Santi Cazorla - with the aid of leaden-footed keeping by Mr McGregor - got Arsenal back in to the game. Cazorla was nearer to his best than we've seen recently, although I sometimes wonder why he doesn't go down a couple of sizes in the shorts department. In them keks he looks for all the world like Casper in 'Kes'.


After that, Hull got increasingly tired of running around after the Gooners tippy-tappying midfielders and the equaliser was all too inevitable.


Even then the Wenger boys made very heavy weather of it, although the winner fitted the properly clichéd bill by being 'worthy of winning any trophy. Aaron Ramsey was brilliant all season and his form going into these last few games makes his absence mid-season all the harder to take for you Gooners.


So the wait is over, the open-top bus can plod through the streets of Highbury and the gaffer gets three more years to prove that this is a 'turning-point' for the club.
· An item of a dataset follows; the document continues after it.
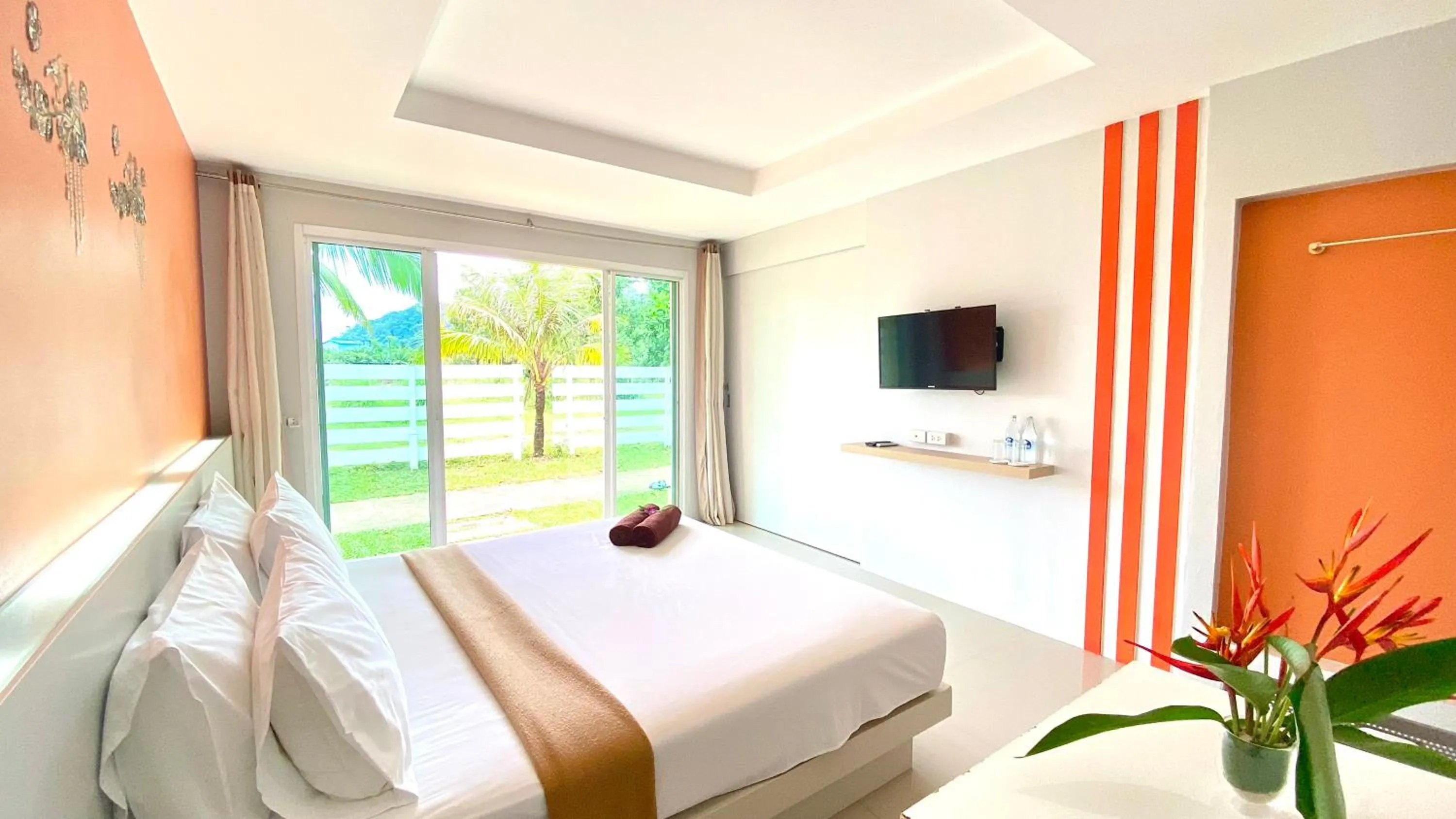 Shower, Bed in Kuapa Resort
Well now... here's the thing... This is the first season in my memory where the Arsene-Wipers were drowned out by the Arsene-kickers - and I'm talking Gooners here, not the rest of us. The neutrals have always verged on supporting Wenger cos he introduced some top -notch footy to this country, and this ongoing trophylessness was a story all of its own. We liked Moyes for the same reason , although short-sighted folk like Sir Alex Ferguson couldn't spot that.


Yes, the naysayers at the Emirates were in near full cry as Wenger's 1000th game saw his team panned 6-nothing by the most goal-shy Chelsea team in a generation. And what has the le vieux professeur done to change things? Nowt.
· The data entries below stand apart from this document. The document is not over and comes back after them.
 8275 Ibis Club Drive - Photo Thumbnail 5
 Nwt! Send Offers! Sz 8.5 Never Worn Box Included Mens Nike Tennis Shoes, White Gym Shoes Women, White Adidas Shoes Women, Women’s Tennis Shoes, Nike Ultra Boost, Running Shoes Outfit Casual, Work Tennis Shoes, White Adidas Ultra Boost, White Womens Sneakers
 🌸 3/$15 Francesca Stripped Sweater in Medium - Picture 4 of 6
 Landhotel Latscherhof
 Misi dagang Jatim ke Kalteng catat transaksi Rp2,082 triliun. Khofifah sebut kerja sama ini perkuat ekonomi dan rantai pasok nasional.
How did he alter the course of the Cup Final. He played two up front, which meant bringing on the great galumpher Sanogo - who seems to be doing his best to make everyone at the club really miss Gervinho (and the words 'miss' and 'Gervinho' are mutually inclusive.)


That hardly made a difference and so extra time saw the gaffer replace two fiddly-diddly midfielders with two more fiddly-diddly midfielders... Wilshere and Rosicky undoubtedly made a difference, but more through fresh legs than a change of policy.
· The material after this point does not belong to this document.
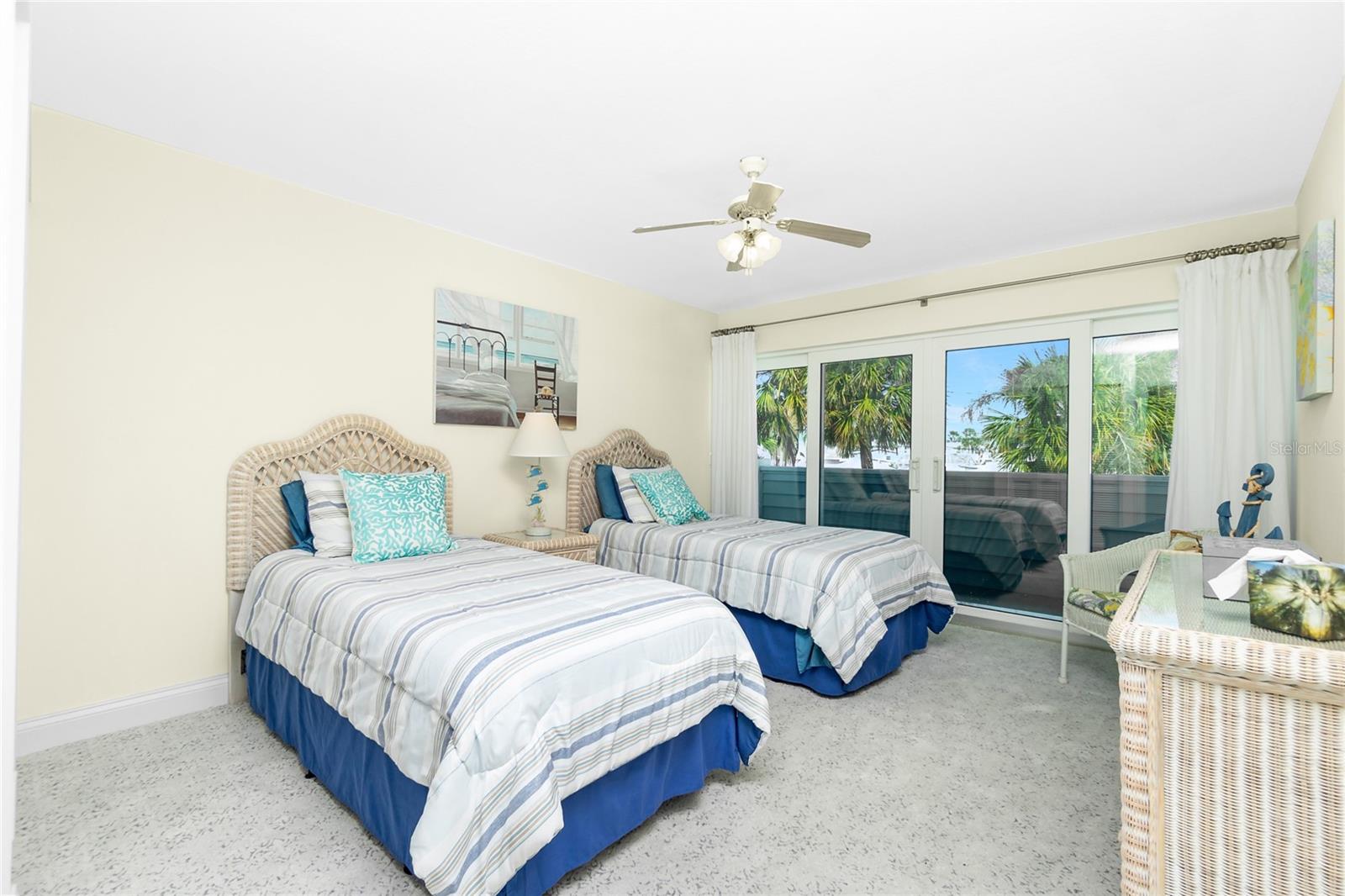 LIVE OAK LANDINGS PH 04 - Residential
It became clear what Wenger needs if he is going to change things around in terms of the Premier League and Champions League:


1. No more midfielders, especially the lazy ones. Mesut Ozil celebrated happily with the others but the clenching of his fist was the most work the bloke did all match. Wenger's got away with playing Arteta in a holding role but he's nowhere need the defensive ballast that Flamini was early doors.


2. A striker who can run around a bit, unlike Giroud, who is a French Teddy Sheringham, all brain and no pace. Walcott will help but if these repeat qualifications for the Champs League are worth anything they ought to be worth getting a fleet-footed and proven goalscorer on the books.


3. Sagna needs replacing and Jenkinson isn't the answer. So a right-back, then. And Vermaelen - ludicrously given the job of lifting the Cup after doing eff-all but sit down - surely there are some traditions we can keep hold of? - isn't half the player he was two years ago so they'll need a top centre-half to fill in.


The signs are that he'll have oodles of cash to splash if he wants it, but it's not Wenger's way to spend for the sake of spending. We'll see.


Maybe he'll look over the sea towards Diego Simeone and think that spending big isn't always the answer. What Simeone has done there is close to miraculous. He has a wage bill the size of Fulham's so I'm told.


Everything is down to hard work and playing for each other, he reckons. He readily resorts to that oft-mocked label that the Atletico play with a 'working-class' spirit which only enamours them to every plebeian football fan across the world whose team struggles on against the twin obstacles of lack of quality and lack of pure, naked cash.


They're not too easy on the eye but easier than a re-Mourinho-ed Chelsea whose budget dwarfs Atletico's. Even without their star turns Costa and Turan they came back form a goal down against the increasingly ticky-tacky Barca. I hope they turn Real over too. Frankly it'll give us all a boost.


Vamos Cholo!


And well done Arsenal too. Now sort yourselves out and you could even win the League. Ahem.









Monday 12 May 2014

So... yeah... well done I suppose...

So after a riveting season it all ended rather tamely. Manchester City finished off the claret and blue threats of Villa and West Ham via the method of slow constriction. Allardyce and Lambert, two managers who have looked increasingly witless this season, went for the everyone behind the ball, hands-over-the-face, count-to-90-minutes and hope-for-the-best-option. Only Mourinho seems to make this work. He must have better buses.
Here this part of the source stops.